DESCRIPTION OF THE TASK. Each record that follows is to be reproduced character for character, pictures excepted.

*** Block opens ***

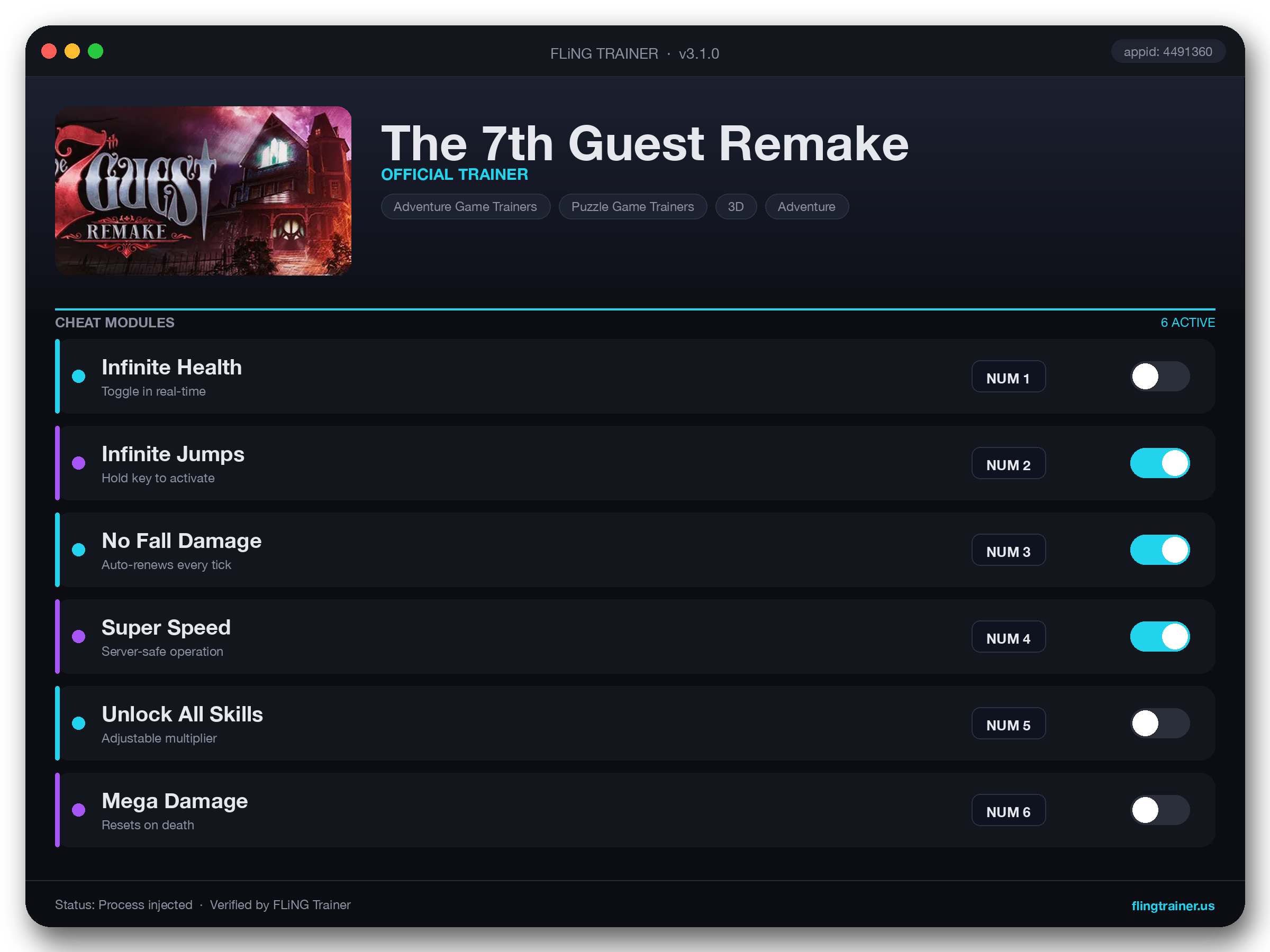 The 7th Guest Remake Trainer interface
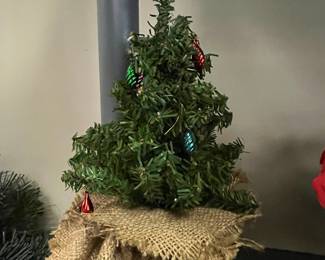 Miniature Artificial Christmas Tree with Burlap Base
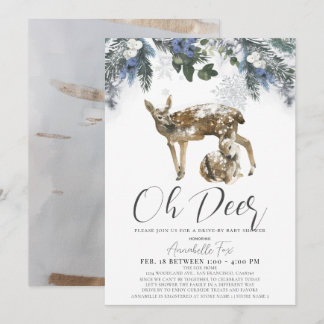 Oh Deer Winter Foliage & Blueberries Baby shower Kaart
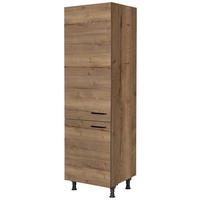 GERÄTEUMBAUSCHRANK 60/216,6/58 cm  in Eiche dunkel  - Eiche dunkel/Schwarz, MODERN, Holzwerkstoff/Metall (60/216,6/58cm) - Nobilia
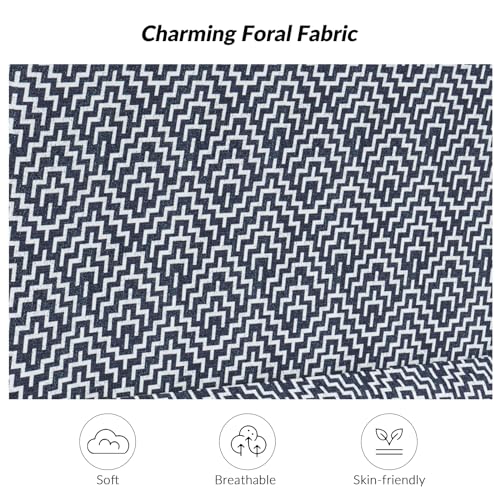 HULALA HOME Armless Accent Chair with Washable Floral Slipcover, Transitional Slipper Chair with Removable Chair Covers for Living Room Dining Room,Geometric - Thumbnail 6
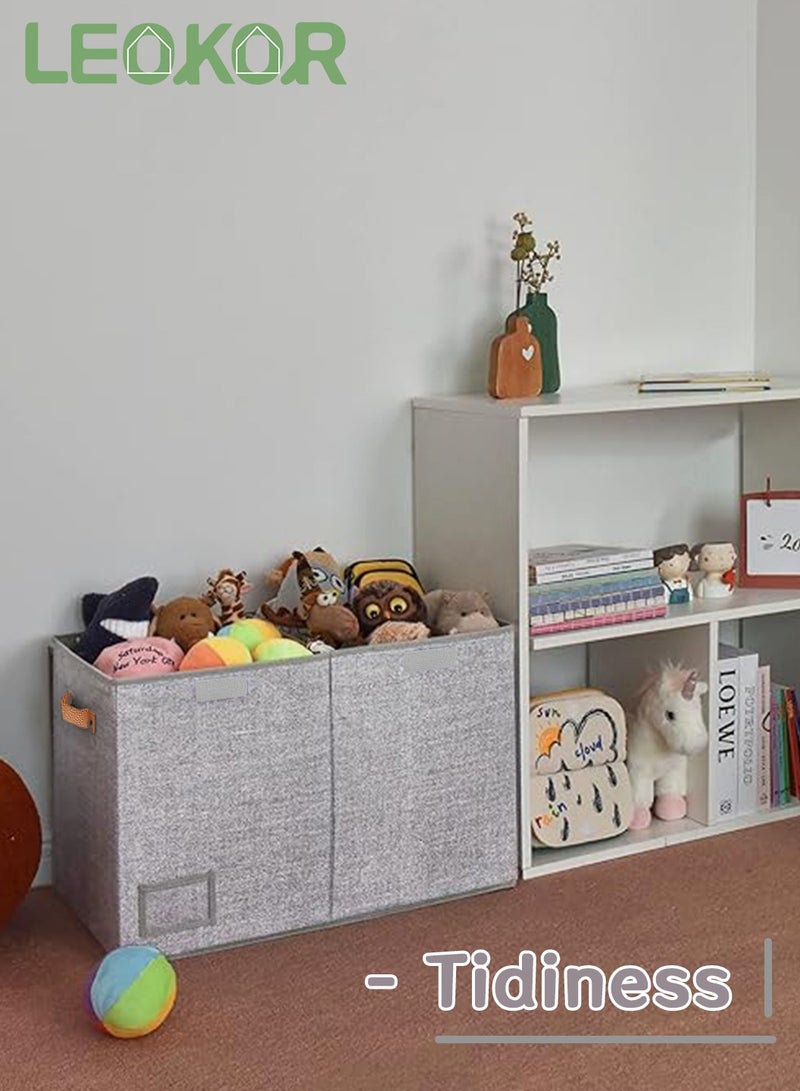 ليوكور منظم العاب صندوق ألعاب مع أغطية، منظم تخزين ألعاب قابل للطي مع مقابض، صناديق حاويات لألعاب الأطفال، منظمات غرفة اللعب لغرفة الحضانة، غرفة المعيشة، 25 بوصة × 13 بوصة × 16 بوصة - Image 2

*** Block closes ***

ANSWER FOR THIS EXERCISE.
 The 7th Guest Remake Trainer interface
 Miniature Artificial Christmas Tree with Burlap Base
 Oh Deer Winter Foliage & Blueberries Baby shower Kaart
 GERÄTEUMBAUSCHRANK 60/216,6/58 cm  in Eiche dunkel  - Eiche dunkel/Schwarz, MODERN, Holzwerkstoff/Metall (60/216,6/58cm) - Nobilia
 HULALA HOME Armless Accent Chair with Washable Floral Slipcover, Transitional Slipper Chair with Removable Chair Covers for Living Room Dining Room,Geometric - Thumbnail 6
 ليوكور منظم العاب صندوق ألعاب مع أغطية، منظم تخزين ألعاب قابل للطي مع مقابض، صناديق حاويات لألعاب الأطفال، منظمات غرفة اللعب لغرفة الحضانة، غرفة المعيشة، 25 بوصة × 13 بوصة × 16 بوصة - Image 2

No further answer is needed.